TASK TO CARRY OUT
Using the listing below, set down each line from the line containing "Used 2024 Toyota GR86 Premium image 9" through the line containing "Denizli Öğretmen Akademileri", both ends included, exactly and with nothing added.

____

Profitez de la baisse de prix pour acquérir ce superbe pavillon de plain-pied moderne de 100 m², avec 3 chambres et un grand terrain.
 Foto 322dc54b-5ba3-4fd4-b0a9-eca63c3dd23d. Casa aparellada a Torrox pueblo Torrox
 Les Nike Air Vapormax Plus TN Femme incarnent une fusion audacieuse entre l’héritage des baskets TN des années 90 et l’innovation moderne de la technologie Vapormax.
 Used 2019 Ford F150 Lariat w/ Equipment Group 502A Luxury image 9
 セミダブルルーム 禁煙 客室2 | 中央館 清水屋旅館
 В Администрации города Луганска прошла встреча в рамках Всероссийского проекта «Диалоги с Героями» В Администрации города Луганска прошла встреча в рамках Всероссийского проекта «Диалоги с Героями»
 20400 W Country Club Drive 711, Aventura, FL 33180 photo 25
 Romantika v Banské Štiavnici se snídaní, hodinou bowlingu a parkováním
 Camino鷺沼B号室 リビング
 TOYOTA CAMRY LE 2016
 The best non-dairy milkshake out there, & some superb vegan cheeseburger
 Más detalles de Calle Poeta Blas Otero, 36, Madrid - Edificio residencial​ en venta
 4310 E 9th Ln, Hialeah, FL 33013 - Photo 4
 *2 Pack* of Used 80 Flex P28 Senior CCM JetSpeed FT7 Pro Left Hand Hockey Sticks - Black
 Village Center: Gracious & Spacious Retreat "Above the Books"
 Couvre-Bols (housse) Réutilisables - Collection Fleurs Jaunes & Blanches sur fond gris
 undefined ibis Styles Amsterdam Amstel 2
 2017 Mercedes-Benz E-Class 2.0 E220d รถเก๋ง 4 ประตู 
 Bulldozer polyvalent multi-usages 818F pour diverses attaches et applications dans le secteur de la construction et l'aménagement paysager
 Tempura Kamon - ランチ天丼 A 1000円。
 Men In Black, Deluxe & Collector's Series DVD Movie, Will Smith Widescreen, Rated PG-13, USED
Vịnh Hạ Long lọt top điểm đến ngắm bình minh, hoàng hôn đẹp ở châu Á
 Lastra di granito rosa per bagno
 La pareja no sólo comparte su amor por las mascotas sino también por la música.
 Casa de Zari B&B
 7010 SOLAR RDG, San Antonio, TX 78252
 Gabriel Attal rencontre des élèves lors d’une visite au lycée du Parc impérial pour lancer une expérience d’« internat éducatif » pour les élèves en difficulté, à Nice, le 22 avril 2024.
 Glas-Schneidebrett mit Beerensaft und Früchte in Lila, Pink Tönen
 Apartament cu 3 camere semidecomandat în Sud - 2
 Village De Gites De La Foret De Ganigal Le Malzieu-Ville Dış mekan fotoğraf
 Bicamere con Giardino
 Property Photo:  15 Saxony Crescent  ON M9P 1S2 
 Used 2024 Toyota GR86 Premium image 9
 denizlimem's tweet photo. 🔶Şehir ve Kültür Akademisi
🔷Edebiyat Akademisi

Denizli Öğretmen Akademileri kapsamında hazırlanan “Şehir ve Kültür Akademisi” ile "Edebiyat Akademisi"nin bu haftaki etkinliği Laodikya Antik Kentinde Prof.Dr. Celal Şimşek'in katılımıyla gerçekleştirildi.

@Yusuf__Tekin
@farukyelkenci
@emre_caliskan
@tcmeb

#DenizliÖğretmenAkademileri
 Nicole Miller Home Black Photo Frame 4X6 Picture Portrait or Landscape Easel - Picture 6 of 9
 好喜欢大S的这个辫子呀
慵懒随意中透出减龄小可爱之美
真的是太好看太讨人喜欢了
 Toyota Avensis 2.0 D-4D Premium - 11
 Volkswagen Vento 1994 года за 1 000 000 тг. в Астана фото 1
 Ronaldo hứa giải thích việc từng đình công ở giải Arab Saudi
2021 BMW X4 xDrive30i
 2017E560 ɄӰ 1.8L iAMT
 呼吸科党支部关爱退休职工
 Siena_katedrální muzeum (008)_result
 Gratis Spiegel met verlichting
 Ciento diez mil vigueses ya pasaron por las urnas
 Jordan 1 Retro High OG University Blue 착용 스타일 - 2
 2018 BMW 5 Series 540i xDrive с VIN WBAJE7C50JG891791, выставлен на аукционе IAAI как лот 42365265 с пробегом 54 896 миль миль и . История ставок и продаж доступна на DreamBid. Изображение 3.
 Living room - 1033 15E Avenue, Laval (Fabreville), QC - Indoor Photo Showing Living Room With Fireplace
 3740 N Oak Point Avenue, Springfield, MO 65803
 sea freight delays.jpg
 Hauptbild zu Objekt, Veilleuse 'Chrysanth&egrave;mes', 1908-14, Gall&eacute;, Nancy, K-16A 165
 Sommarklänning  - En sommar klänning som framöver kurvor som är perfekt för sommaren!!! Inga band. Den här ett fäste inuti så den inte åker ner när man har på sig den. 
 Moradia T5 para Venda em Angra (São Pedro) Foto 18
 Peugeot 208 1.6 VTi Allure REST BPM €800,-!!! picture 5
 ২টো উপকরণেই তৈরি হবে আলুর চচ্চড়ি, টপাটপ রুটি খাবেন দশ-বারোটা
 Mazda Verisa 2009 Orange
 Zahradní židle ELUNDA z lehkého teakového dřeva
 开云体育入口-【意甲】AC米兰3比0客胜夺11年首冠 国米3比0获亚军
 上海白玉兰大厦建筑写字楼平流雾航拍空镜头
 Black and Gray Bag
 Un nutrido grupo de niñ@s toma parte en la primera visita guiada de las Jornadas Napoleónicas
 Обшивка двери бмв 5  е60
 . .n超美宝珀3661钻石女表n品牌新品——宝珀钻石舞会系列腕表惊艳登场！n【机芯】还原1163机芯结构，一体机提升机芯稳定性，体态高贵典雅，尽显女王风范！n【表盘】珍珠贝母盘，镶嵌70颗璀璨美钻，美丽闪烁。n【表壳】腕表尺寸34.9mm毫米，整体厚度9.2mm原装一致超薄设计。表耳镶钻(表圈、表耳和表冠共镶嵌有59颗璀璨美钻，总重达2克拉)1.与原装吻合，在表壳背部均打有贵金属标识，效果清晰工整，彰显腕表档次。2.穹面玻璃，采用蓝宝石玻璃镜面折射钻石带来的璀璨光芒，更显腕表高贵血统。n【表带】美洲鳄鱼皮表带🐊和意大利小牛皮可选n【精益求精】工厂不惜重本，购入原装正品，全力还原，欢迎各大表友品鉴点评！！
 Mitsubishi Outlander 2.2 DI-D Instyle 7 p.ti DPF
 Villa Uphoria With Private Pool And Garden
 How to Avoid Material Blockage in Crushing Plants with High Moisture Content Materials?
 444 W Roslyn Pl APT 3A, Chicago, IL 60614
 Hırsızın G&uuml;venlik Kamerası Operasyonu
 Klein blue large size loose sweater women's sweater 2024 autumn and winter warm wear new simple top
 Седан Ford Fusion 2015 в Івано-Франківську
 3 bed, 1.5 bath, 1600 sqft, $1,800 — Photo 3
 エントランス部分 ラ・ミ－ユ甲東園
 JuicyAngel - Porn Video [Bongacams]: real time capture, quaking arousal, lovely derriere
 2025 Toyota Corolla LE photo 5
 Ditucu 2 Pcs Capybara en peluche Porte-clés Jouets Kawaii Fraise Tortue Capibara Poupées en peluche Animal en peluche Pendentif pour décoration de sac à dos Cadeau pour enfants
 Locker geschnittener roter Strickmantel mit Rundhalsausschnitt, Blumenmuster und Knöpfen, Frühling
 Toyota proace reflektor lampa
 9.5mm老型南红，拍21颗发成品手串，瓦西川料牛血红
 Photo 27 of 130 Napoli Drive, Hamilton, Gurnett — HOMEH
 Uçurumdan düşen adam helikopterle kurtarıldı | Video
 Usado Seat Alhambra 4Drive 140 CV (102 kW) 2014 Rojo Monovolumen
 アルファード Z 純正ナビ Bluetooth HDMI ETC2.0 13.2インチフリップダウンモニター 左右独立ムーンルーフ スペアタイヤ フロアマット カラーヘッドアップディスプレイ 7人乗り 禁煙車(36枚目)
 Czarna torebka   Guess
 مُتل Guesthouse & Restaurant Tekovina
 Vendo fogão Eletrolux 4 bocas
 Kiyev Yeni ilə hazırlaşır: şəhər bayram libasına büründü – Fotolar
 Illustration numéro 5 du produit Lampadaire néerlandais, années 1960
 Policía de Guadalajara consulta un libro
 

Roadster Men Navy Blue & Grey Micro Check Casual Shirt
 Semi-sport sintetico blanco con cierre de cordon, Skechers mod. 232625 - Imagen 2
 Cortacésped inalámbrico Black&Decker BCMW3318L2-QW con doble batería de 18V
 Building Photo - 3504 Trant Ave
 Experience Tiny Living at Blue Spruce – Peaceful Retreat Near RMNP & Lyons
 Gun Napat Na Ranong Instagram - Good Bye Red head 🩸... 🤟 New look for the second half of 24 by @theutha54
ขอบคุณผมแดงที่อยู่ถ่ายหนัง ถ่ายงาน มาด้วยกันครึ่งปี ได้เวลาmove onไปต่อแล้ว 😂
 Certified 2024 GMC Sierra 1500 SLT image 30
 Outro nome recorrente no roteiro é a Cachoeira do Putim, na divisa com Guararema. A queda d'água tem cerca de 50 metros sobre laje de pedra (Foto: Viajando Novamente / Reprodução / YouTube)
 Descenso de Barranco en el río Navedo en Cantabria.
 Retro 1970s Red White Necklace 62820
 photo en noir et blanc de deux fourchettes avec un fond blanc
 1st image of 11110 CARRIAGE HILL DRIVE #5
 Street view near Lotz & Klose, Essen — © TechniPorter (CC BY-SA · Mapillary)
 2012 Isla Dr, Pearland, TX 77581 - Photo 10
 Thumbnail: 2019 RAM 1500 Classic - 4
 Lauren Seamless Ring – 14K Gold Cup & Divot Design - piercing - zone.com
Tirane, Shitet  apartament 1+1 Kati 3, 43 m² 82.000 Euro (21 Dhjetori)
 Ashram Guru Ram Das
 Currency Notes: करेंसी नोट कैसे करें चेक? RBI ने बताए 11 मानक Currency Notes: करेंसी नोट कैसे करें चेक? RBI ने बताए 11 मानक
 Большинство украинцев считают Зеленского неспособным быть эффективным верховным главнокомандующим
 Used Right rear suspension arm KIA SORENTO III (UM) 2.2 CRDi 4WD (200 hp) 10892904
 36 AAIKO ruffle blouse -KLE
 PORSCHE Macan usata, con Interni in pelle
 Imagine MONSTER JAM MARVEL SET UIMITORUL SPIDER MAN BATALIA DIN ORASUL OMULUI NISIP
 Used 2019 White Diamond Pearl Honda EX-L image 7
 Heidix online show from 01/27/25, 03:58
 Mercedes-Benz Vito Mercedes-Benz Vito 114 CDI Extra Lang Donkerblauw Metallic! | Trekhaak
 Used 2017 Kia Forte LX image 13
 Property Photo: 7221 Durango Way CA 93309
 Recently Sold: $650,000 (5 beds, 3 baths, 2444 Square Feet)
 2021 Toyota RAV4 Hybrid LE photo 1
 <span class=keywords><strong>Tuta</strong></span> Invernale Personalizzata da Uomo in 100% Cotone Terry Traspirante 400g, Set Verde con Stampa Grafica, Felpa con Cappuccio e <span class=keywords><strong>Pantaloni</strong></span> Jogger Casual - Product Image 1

____

EXPECTED OUTPUT
 Used 2024 Toyota GR86 Premium image 9
 denizlimem's tweet photo. 🔶Şehir ve Kültür Akademisi
🔷Edebiyat Akademisi

Denizli Öğretmen Akademileri kapsamında hazırlanan “Şehir ve Kültür Akademisi” ile "Edebiyat Akademisi"nin bu haftaki etkinliği Laodikya Antik Kentinde Prof.Dr. Celal Şimşek'in katılımıyla gerçekleştirildi.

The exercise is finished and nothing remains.